▸ Data section:
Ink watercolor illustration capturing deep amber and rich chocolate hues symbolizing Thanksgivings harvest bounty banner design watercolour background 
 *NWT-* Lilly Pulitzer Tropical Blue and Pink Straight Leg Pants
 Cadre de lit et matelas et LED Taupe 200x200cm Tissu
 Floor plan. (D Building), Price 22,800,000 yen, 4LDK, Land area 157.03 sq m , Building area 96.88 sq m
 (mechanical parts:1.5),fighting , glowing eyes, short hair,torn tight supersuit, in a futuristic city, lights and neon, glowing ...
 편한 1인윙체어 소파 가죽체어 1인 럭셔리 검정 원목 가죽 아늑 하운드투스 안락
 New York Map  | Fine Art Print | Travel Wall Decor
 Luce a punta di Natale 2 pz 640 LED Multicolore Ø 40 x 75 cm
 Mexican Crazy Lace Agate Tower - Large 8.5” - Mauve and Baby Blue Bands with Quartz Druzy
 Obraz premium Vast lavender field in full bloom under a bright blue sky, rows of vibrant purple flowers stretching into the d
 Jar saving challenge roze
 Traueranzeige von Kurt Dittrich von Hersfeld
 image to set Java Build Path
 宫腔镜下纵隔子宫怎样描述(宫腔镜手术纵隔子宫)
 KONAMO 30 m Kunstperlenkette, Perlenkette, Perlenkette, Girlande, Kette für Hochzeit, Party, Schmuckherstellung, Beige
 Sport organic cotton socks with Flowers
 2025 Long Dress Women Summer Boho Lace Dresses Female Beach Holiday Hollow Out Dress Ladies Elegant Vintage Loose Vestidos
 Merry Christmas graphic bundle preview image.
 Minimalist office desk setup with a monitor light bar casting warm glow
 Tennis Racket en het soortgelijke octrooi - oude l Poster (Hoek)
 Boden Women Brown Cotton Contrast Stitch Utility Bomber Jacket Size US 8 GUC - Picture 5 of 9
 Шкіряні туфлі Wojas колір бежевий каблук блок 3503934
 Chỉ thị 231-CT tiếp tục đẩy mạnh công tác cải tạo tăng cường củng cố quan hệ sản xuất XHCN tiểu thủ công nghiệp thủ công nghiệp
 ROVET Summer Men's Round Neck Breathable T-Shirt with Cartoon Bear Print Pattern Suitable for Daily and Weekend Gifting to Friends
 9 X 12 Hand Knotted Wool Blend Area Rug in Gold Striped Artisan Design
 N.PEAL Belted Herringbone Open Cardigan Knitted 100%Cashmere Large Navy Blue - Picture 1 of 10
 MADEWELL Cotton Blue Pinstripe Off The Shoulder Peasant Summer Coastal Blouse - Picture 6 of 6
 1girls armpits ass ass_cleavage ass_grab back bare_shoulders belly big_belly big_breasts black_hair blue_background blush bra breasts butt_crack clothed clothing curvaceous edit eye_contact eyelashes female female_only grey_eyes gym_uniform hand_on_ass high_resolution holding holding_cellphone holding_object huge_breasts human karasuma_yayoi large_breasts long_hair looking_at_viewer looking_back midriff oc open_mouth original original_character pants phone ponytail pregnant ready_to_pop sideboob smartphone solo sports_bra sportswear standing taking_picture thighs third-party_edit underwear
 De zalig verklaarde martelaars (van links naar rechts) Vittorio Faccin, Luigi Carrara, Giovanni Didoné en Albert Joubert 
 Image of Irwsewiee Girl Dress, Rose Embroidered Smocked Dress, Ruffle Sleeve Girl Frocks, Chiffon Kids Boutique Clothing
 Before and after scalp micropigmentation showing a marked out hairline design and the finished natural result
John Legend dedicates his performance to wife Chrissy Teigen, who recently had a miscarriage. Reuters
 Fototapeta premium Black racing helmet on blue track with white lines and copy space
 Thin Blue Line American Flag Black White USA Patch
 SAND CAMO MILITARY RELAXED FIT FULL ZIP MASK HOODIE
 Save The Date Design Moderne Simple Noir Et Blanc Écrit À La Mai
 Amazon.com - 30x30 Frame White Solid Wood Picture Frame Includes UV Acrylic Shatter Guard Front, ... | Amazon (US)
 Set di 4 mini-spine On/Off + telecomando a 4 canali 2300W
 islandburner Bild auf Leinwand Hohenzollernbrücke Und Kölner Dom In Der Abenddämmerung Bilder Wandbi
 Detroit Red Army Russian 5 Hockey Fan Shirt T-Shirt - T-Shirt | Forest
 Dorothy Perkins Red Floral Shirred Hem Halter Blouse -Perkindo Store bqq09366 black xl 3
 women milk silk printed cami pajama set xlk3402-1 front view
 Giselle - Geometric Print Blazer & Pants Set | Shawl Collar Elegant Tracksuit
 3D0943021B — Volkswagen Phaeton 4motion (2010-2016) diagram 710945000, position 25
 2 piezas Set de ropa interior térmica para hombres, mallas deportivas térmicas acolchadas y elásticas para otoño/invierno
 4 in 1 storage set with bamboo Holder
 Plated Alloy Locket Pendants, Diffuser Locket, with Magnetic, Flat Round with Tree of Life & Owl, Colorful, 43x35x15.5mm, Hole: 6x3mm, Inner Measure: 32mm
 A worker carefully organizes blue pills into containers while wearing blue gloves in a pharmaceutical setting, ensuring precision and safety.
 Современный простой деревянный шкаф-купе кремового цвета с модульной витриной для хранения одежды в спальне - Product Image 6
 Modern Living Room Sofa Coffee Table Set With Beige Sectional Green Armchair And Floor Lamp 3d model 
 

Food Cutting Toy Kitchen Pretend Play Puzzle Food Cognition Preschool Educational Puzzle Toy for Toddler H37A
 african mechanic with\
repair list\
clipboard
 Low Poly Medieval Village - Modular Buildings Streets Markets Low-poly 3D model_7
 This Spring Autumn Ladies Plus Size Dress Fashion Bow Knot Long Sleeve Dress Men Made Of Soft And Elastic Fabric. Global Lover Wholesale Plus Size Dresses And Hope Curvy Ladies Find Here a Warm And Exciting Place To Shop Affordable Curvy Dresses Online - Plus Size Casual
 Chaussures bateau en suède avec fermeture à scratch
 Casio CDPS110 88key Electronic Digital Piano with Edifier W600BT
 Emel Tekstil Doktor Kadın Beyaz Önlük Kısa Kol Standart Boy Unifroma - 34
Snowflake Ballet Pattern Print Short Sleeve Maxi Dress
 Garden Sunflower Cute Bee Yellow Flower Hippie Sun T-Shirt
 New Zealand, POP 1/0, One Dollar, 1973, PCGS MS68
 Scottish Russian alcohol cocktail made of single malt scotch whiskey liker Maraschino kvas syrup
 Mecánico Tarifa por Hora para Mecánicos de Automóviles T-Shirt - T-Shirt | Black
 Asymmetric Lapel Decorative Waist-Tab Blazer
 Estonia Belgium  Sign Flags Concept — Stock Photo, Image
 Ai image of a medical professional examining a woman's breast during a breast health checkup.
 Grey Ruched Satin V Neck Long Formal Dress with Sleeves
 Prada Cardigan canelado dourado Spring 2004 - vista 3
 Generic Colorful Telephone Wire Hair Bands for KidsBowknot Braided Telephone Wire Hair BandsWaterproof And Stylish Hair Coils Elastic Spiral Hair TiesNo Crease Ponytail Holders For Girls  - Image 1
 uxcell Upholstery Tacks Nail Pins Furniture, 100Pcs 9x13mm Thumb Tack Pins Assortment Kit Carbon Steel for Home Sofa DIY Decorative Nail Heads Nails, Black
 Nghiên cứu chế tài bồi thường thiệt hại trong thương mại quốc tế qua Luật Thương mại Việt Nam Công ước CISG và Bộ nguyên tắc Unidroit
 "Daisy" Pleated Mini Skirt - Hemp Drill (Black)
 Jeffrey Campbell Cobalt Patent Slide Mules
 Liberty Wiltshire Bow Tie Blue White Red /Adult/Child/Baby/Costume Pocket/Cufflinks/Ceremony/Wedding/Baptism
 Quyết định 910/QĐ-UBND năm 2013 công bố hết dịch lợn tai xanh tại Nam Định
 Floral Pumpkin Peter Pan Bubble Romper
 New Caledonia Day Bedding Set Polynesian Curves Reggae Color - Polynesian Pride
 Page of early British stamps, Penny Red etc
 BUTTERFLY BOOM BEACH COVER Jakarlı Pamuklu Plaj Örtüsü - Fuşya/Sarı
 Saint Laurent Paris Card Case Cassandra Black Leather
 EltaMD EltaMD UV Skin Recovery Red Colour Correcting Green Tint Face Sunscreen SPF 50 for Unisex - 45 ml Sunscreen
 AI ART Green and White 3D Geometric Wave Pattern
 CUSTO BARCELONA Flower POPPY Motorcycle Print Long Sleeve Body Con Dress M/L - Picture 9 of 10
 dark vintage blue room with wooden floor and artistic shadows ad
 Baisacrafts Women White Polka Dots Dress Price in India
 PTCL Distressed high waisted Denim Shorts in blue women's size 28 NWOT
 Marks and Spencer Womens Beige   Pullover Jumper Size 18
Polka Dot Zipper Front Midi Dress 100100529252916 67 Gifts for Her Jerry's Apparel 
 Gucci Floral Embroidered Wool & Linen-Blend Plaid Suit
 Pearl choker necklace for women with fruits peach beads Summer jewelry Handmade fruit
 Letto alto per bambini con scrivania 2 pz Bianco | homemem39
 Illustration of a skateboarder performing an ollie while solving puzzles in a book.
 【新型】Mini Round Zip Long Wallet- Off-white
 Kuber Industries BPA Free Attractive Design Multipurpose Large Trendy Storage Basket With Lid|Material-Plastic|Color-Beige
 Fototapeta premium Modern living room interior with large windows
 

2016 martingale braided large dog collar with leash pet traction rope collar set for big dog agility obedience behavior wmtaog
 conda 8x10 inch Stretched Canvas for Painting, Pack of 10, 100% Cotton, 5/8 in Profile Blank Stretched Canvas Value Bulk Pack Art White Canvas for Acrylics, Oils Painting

▸ Task prompt: Retype the entries above exactly, but only from the line containing "MADEWELL Cotton Blue" through the line containing "De zalig verklaarde", both included.

▸ Problem solution:
 MADEWELL Cotton Blue Pinstripe Off The Shoulder Peasant Summer Coastal Blouse - Picture 6 of 6
 1girls armpits ass ass_cleavage ass_grab back bare_shoulders belly big_belly big_breasts black_hair blue_background blush bra breasts butt_crack clothed clothing curvaceous edit eye_contact eyelashes female female_only grey_eyes gym_uniform hand_on_ass high_resolution holding holding_cellphone holding_object huge_breasts human karasuma_yayoi large_breasts long_hair looking_at_viewer looking_back midriff oc open_mouth original original_character pants phone ponytail pregnant ready_to_pop sideboob smartphone solo sports_bra sportswear standing taking_picture thighs third-party_edit underwear
 De zalig verklaarde martelaars (van links naar rechts) Vittorio Faccin, Luigi Carrara, Giovanni Didoné en Albert Joubert 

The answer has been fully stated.